Richard Ferrand a été confirmé de justesse à la présidence du Conseil constitutionnel ce mercredi 19 février 2025 par le Parlement.
Conseil constitutionnel : Ferrand nommé, le cadeau de Marine à Emmanuel

Richard Ferrand nommé à une voix près
L’ancien président de l’Assemblée nationale Richard Ferrand a frôlé l’échec lors de son passage devant le Parlement. Sur les 97 voix exprimées, seulement 39 ont soutenu sa nomination, tandis que 58 s’y sont opposées. Or, selon la règle des trois cinquièmes, il en fallait 59 pour bloquer la candidature. Ce score étriqué montre une nomination sans adhésion franche, malgré l’appui d’Emmanuel Macron.
L’ancien député socialiste, devenu un pilier du Président de la République, a dû répondre à des critiques virulentes. Son absence de formation juridique, sa proximité avec le président de la République et son passé judiciaire (affaire des Mutuelles de Bretagne, classée pour prescription) ont nourri des réticences au sein des parlementaires. Le vote au Sénat a été tout aussi défavorable : sur 40 votes exprimés, seuls 14 étaient favorables, contre 26 opposés. À l'Assemblée, Richard Ferrand a réussi à rallier à sa cause 25 voix contre 32 défavorables à sa nomination.
L’un des éléments majeurs de ce scrutin a été l’abstention stratégique des députés du Rassemblement national. En s’abstenant, les élus RN ont permis à Richard Ferrand d’échapper à un rejet assuré.
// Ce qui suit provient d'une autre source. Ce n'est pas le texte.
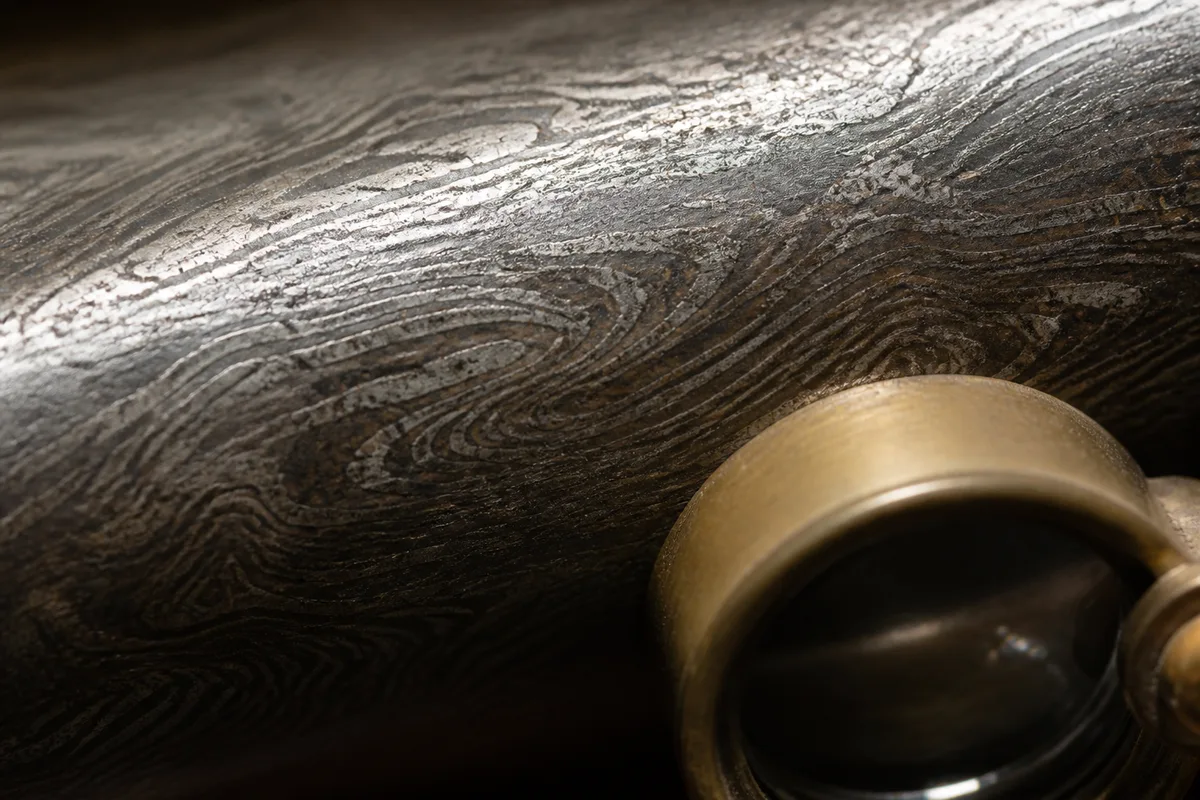 Détail macro d’un canon damassé montrant les moirures du métal en lumière rasante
Pourtant, quelques jours auparavant, leurs représentants dénonçaient un choix dicté par l’Élysée, estimant que "l’institution doit se garder de tendre vers un gouvernement des juges".
Cette position a immédiatement soulevé des questions au sein de l’opposition. "Qu’a négocié Marine Le Pen en échange de son abstention ?", a lancé Mathilde Panot sur son compte X, présidente du groupe LFI à l'Assemblée nationale. La députée Sophie Taillé-Polian a insinué que le RN pourrait espérer "des faveurs en retour, notamment sur une potentielle QPC liée à l’inéligibilité de Marine Le Pen". Ce soupçon est d’autant plus crédible que la cheffe du RN fait face à une procédure judiciaire pouvant la priver d’éligibilité pour cinq ans (le verdict sera connu le 31 mars 2025).
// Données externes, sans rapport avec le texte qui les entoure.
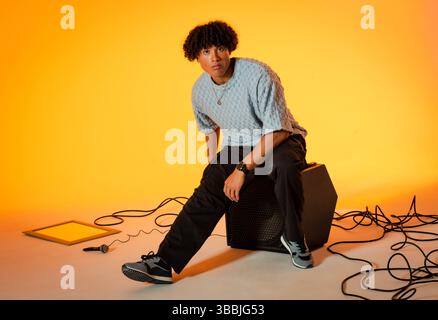 Sitzender Mann mit blauem Pullover und Turnschuhen auf Lautsprecher im Studio, mit Mikrofon, verwickelten Kabeln Stockfoto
Si cette abstention a permis à Richard Ferrand de l’emporter, elle a aussi exposé le RN à de nombreuses critiques. La gauche y voit un "allégeance implicite à la macronie", tandis que certains cadres des Républicains dénoncent un "revirement incompréhensible".
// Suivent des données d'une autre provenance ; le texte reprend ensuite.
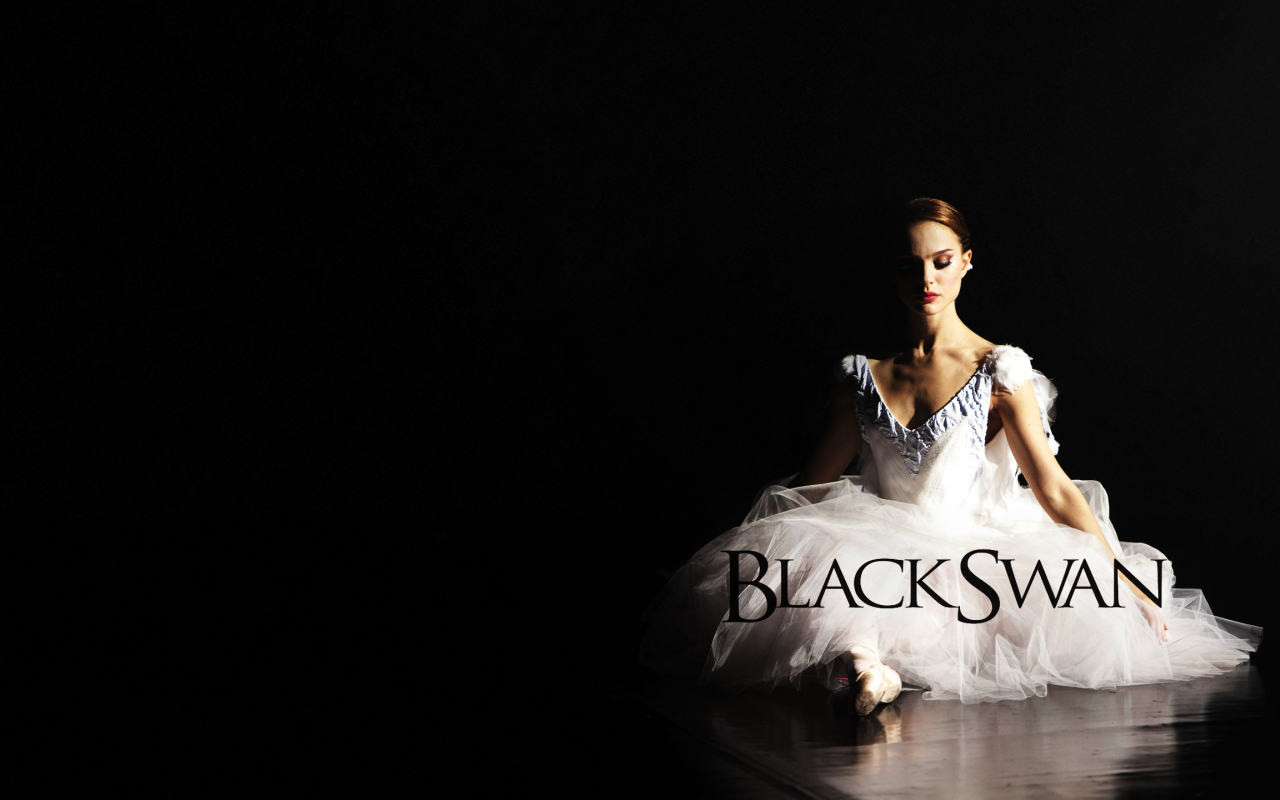 Балерина в образе белого лебедя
Un Conseil constitutionnel sous influence ?
Cette nomination suscite une autre question de fond : celle de l’indépendance du Conseil constitutionnel. Richard Ferrand, proche d’Emmanuel Macron depuis la fondation de La République en Marche en 2016, devra prouver qu’il n’est pas un simple relais du pouvoir exécutif. Ses détracteurs rappellent que cette institution, garante du respect de la Constitution, doit rester imperméable aux pressions politiques.
Interrogé sur ses compétences juridiques, Richard Ferrand a défendu son parcours en affirmant : "Je ne suis pas un professionnel du droit, mais comme vous, un serviteur de la République." Une déclaration qui peine à convaincre ses opposants, notamment Olivier Marleix (LR), qui a remis en cause son indépendance vis-à-vis de l’Élysée.
Par ailleurs, certains dossiers brûlants attendent Richard Ferrand, notamment la question prioritaire de constitutionnalité (QPC) sur l’inéligibilité d’un élu de Mayotte, une décision qui pourrait avoir des répercussions sur le sort judiciaire de Marine Le Pen.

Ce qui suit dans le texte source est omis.